Friday, August 27, 2010

life of a guinea


My little red hen covering her keets that she hatched yesterday along side my 5 week old keets that I raised on the porch under a light. I have 4 pearl guineas and 4 lavender guineas under the hen and the early hatch is 5 pearl and 2 lavender guineas.



When grown they "prefer trees for roosts so the cost of housing guineas is slight. Any cheap shed for use in bad weather is ample. Some growers who have had fair success in domesticating guineas put high roosts and well-hidden nests under open sheds and by feeding them regularly close by induce them to roost and lay in the sheds" (Valentine). Lewis Wright adds that guineas "prefer" to "roost in a house . . . in really bad weather, and if brought up to it," but "If they are to lay in the house, some pains should be spent, as with turkeys, to arrange nests which are not only secluded, but look naturally so; otherwise care must be taken to regularly visit all likely places about the farm." Your hunt around the farm is for the guinea's nest, and you should take a stick with you. "The fowls have been known to make a deep, tapering nest, in which they would lay twenty-seven to thirty eggs," which are "remarkably fertile" and "small, about two-thirds the size of an ordinary hen's egg. The shell is very strong, of a dark color, and spotted throughout." Do not depend on the guinea egg money to meet the next mortgage payment, since "The guinea hen's habit of hiding its nest and of sharing it with other guineas until a large number of eggs have accumulated, make egg production a less satisfactory enterprise" (Valentine). You need the stick and a degree of stealth as you gather the eggs because guineas ". . . like to conceal their nest and will leave it if they see a person near it. It is said that they are able to detect whether the hand has touched the nest in their absence, and if so they will desert it. If eggs are removed with a stick or spoon, either some should be left or others substituted so as to leave about five in the nest" (McGrew). When you do market them, remember the importance of presentation: The eggs "if collected fresh, sometimes find a good and regular market at first-class shops, packed in dozen baskets with a little moss, like the eggs of some game birds" (Wright).
Perhaps before we plan to market any eggs, we should solve the basic conundrum of telling the male and female guinea fowl apart. The male "is generally slightly larger, has larger wattles, his voice is a more shrill shriek . . . and he has a peculiar habit of strutting on tiptoe and arching his back." Although neither guinea is very nice to other poultry, the male is "very pugnacious . . . chasing them away from their food" (Wright).

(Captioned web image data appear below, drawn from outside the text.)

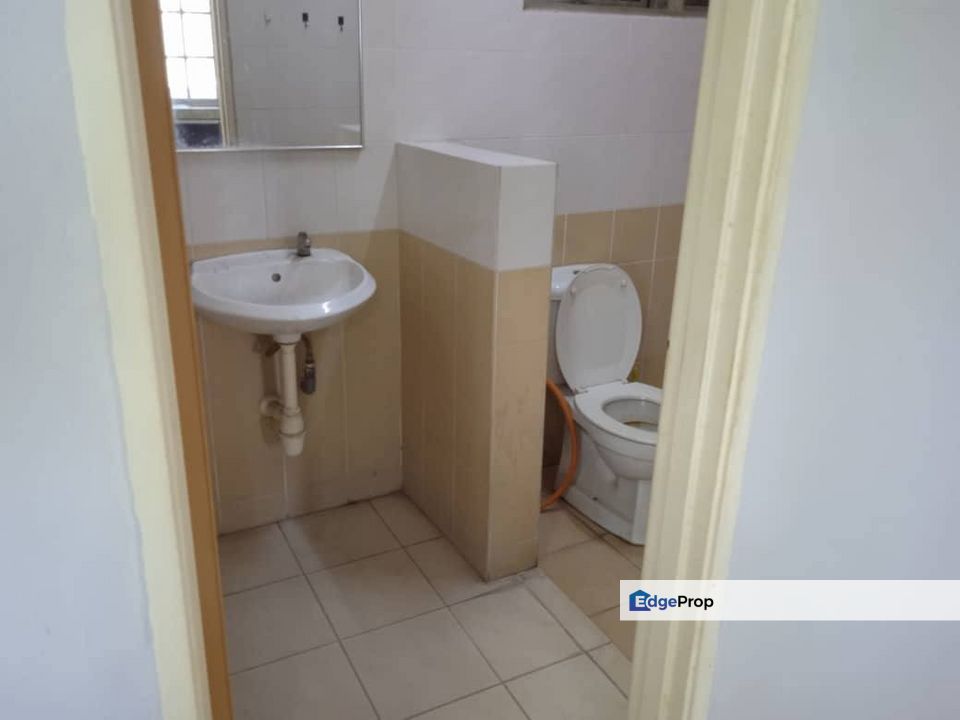 Bercham Prima Kiara Fully Furnished , Perak, Ipoh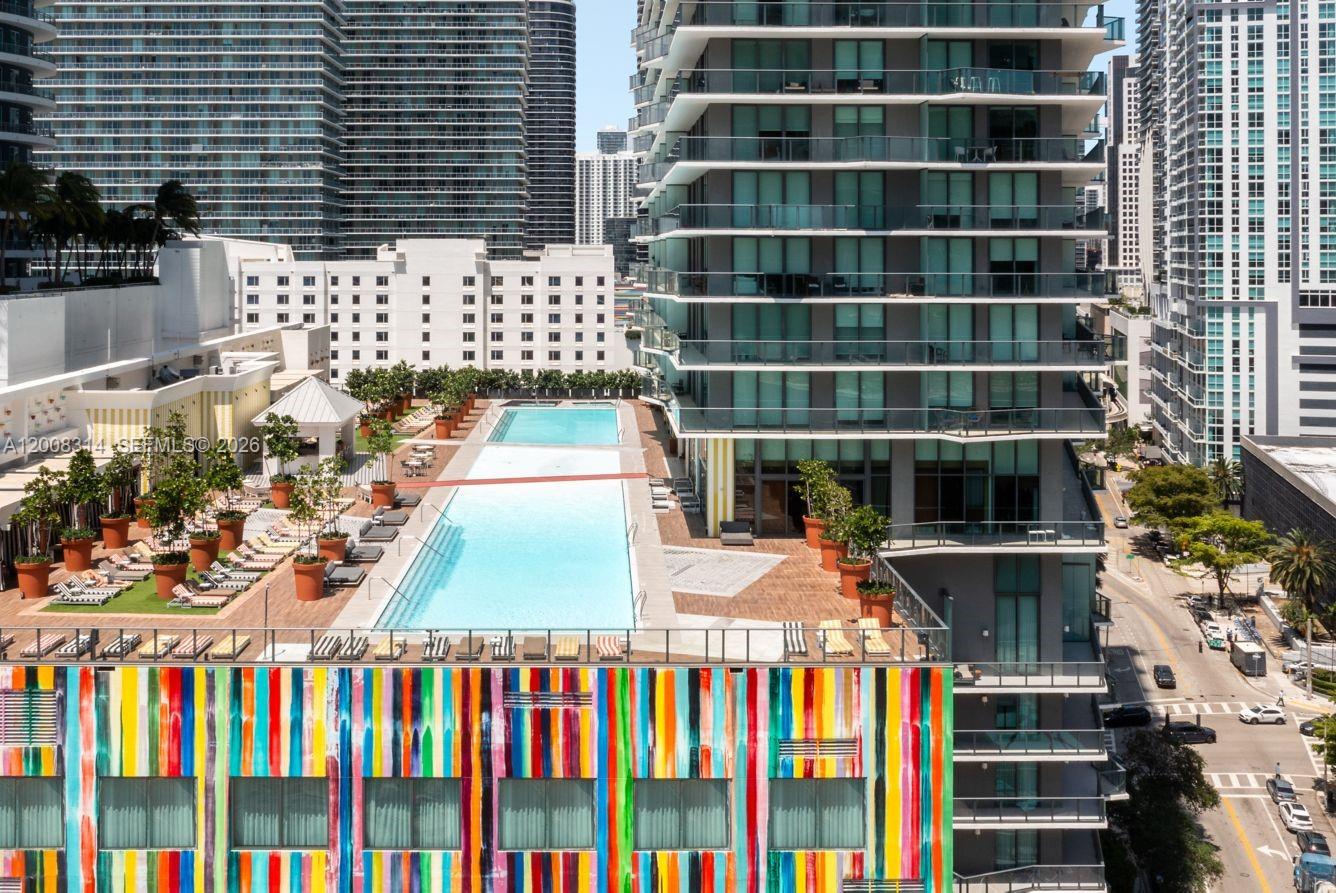 1300 S Miami Ave Unit: 2907
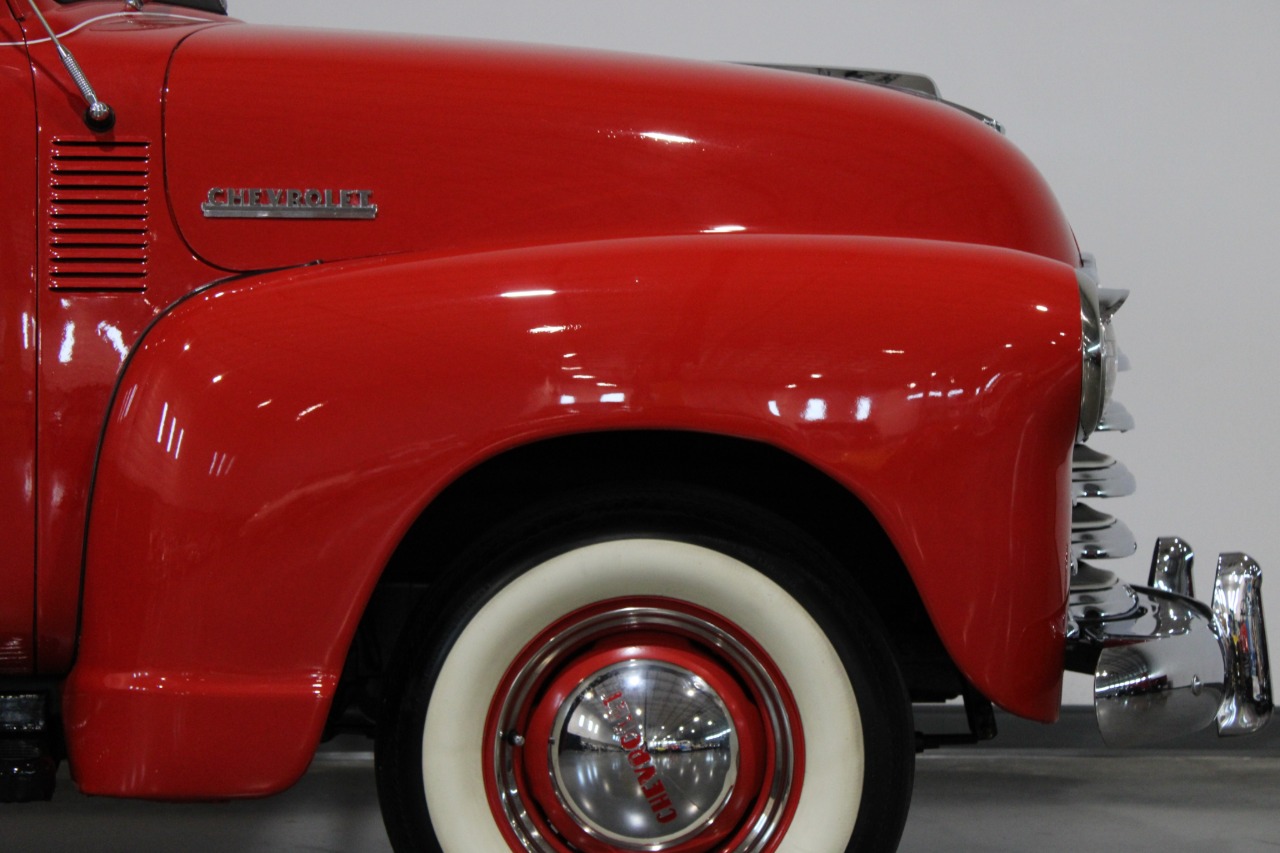 1952 Chevrolet 3100 93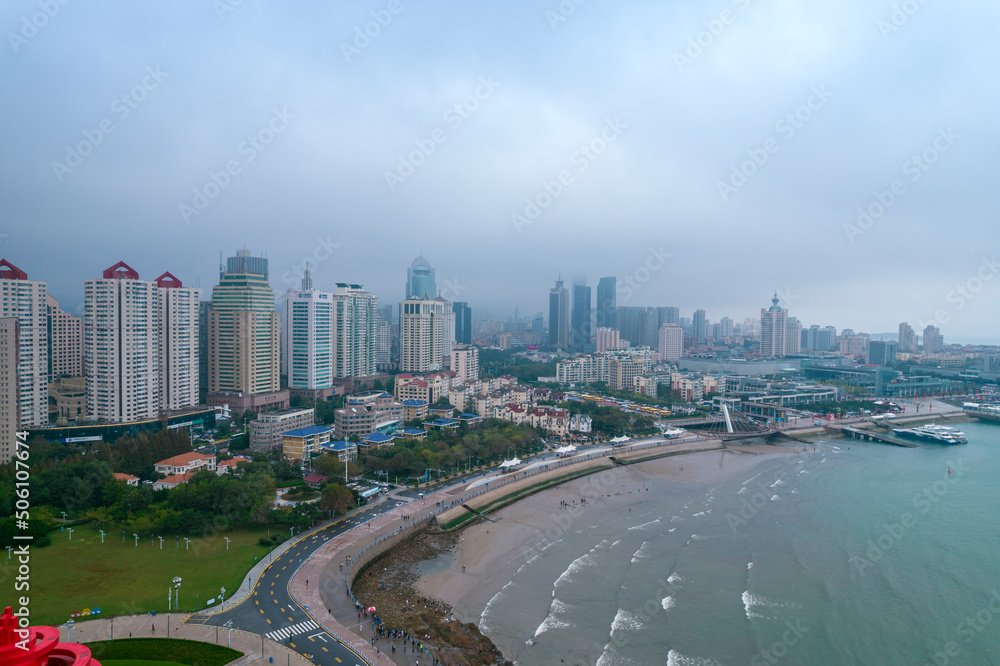 Qingdao Ticy scenery China Qingdao Ticy scenery China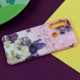قاب فانتزی برجسته اکلیلی صورتی شیائومی Redmi Note 8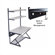 Kendall Howard 48" Performance LAN Station Workbench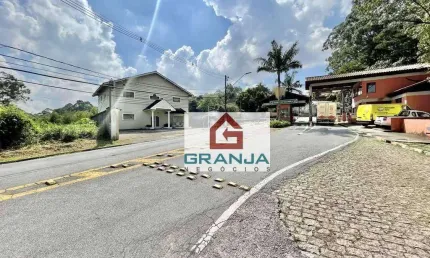 Casa à venda, 228 m² por r$ 1.940.000,00 - granja viana - cotia/sp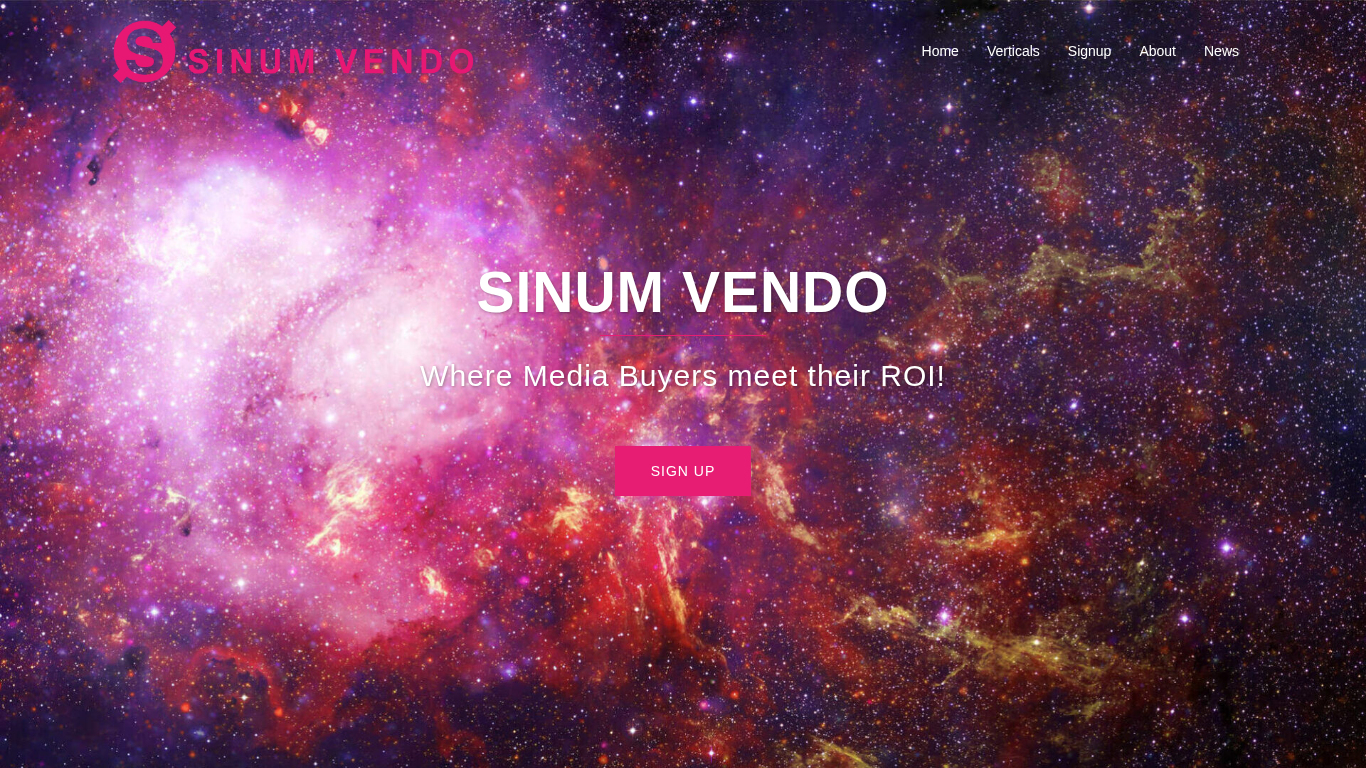 Programa de Afiliados Sinum Vendo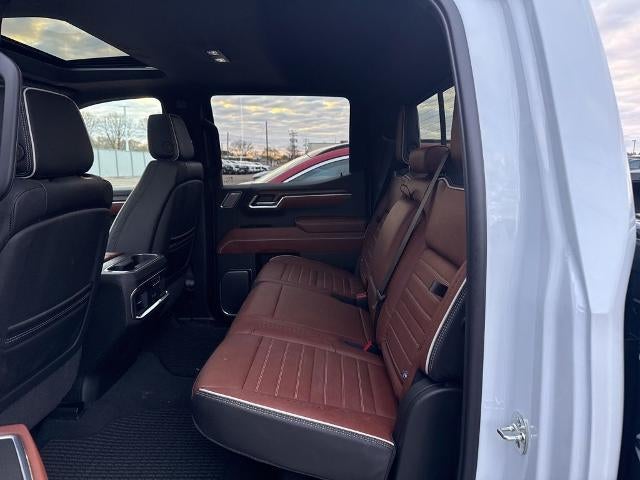 2026 GMC Sierra 1500 Crew Cab Short Box 4-Wheel Drive Denali Ultimate
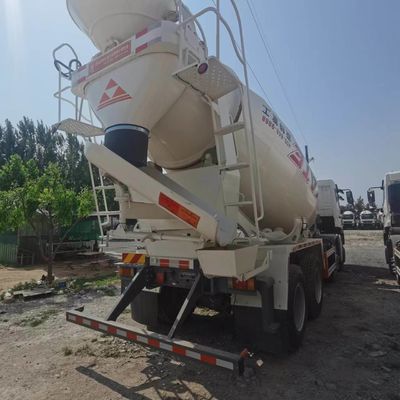 マニュアルトランスミッション シノトラック 水力コンクリートミキサー トラック 8 建物用
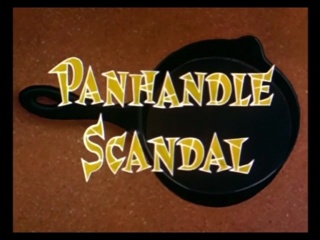 Panhandle Scandal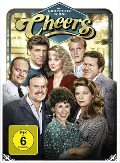 Cover-Bild zum Titel 'Cheers' von 'Glen Charles, Les Charles, James Burrows, David Isaacs, Ken Levine'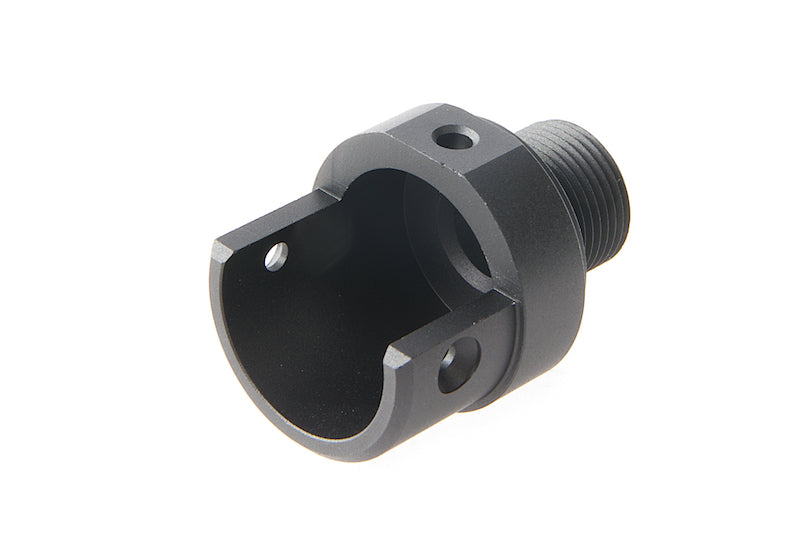 AA CNC Outer Barrel Connector AAP-01 - Black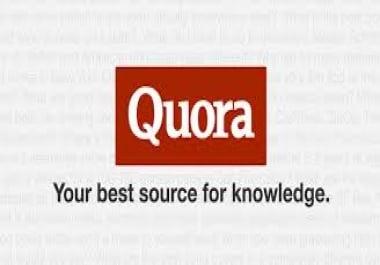Promote Your Business On 10 Quora Answers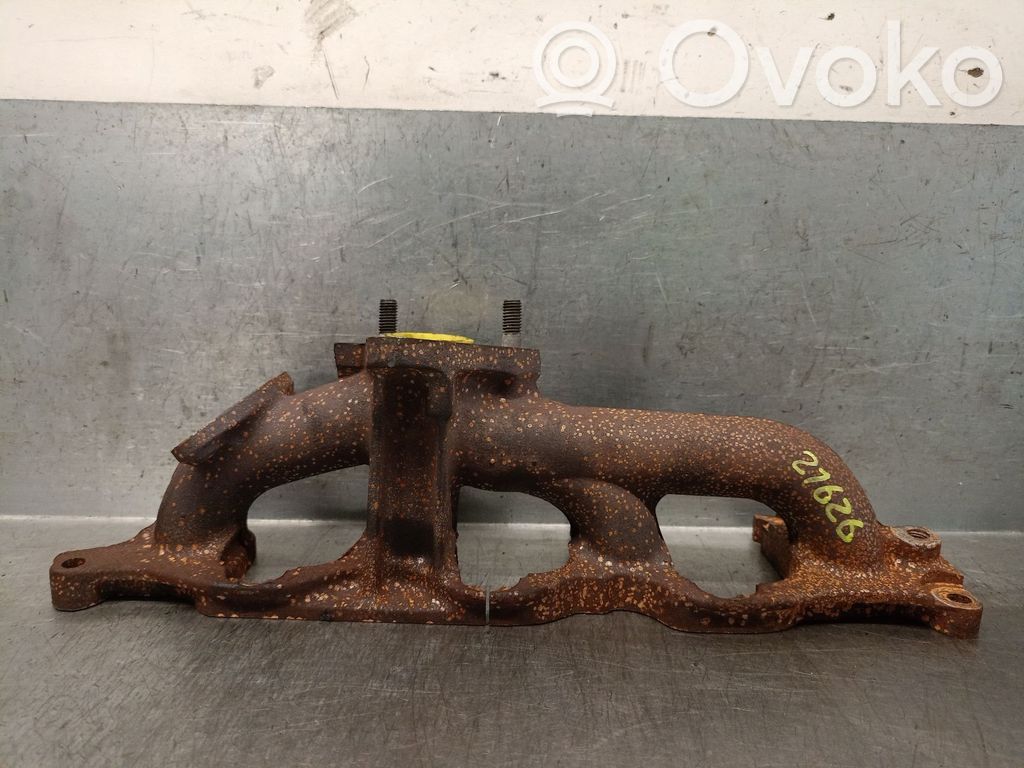 Renault Megane I Collettore di scarico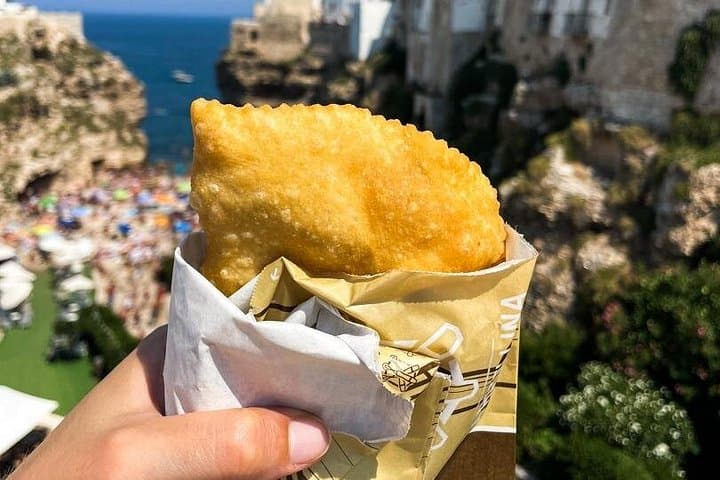 One day in Polignano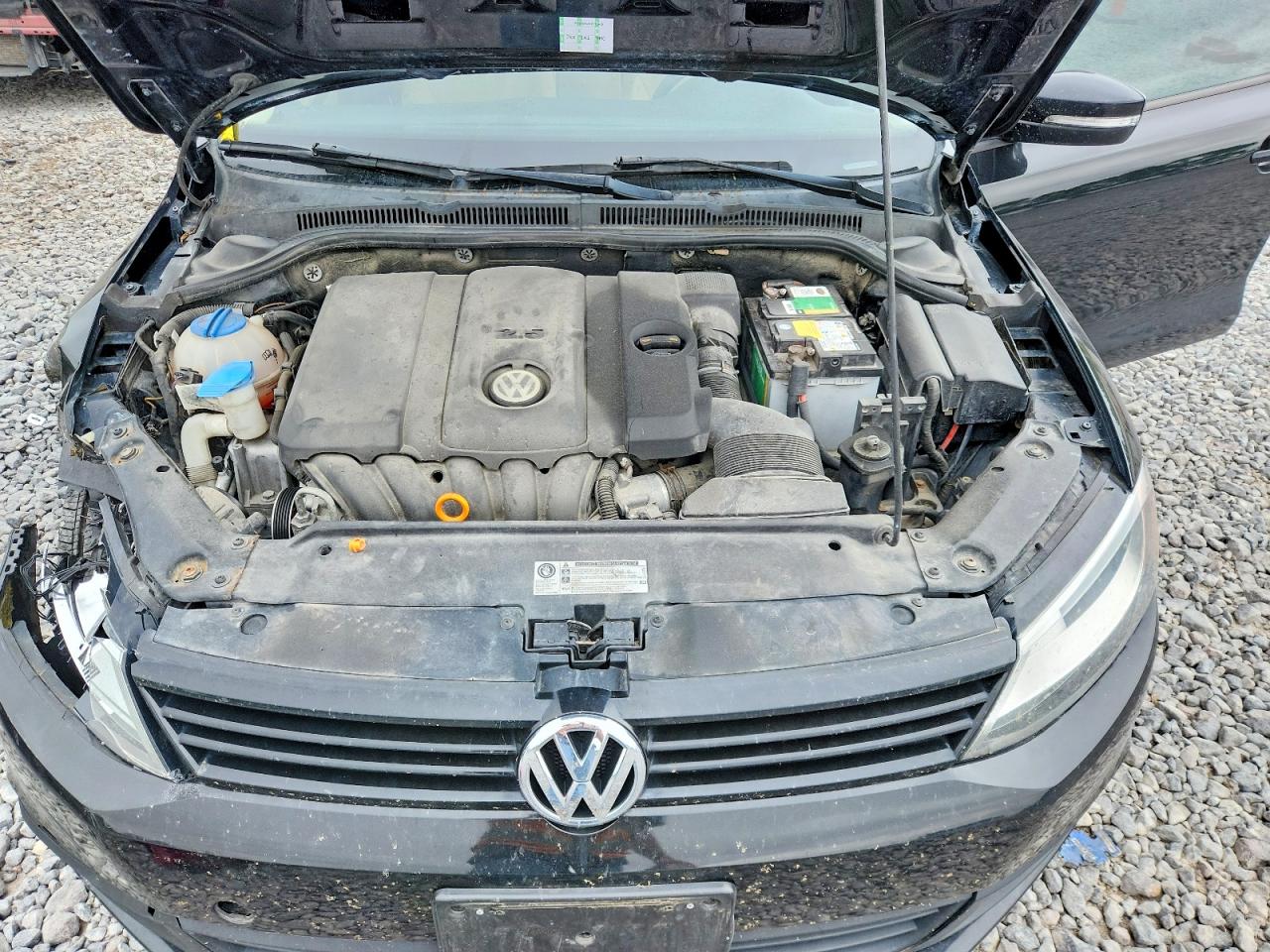 2011 VOLKSWAGEN JETTA SE photo 21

Perhaps the female is easier to recognize, since, according to Browne in The American Poultry Yard (1850), "the hen alone uses the call note 'come back, come back,' accenting the second syllable strongly, from which they are often called 'come backs'."
Call them clingy, but the "come back" cry must work, for the males are monogamous, just as my aunt told me. Although Lewis Wright says "The wild bird is monogamous, in domestication two hens may be allowed to one cock; more than this sometimes succeeds, but nearly as often fails," Browne is more detailed on the subject of guinea family life, and he has a slightly different opinion: "There is one circumstance in regard to the habits of the Guinea cock, which may not generally be known; that is he is monogamous, or having one wife only, pairing with his mate, like a partridge, or pigeon, and remaining faithful to her, (perhaps with one or two trifling peccadilloes,) so long as they continue to live together." If one tries to put one male with two females, "it will be found, on close observation, that though the three keep together so as to form one 'pack' according to their original instinct, yet that the cock and one hen will be unkind and stingy to the other unfortunate female, keep her at a certain distance, merely suffering her society, and making her feel that she is with them only on sufferance." The extra hen's eggs would be all right to eat, but will only produce "disappointment and addled eggs" if set. The Guinea hen, presumably happily married, will begin to lay anytime from the end of March through mid-May, and will continue through the end of August, producing 60 to one hundred eggs. Lewis Wright advises setting the April and May eggs, although the guinea hen will usually not go broody until august.

1 comment:

Anonymous said...

These birds fascinate me. I have not been around them much. I did not know all this stuff about them. I did not even know you could eat their eggs! Great post. I learned something, too. Have a good weekend.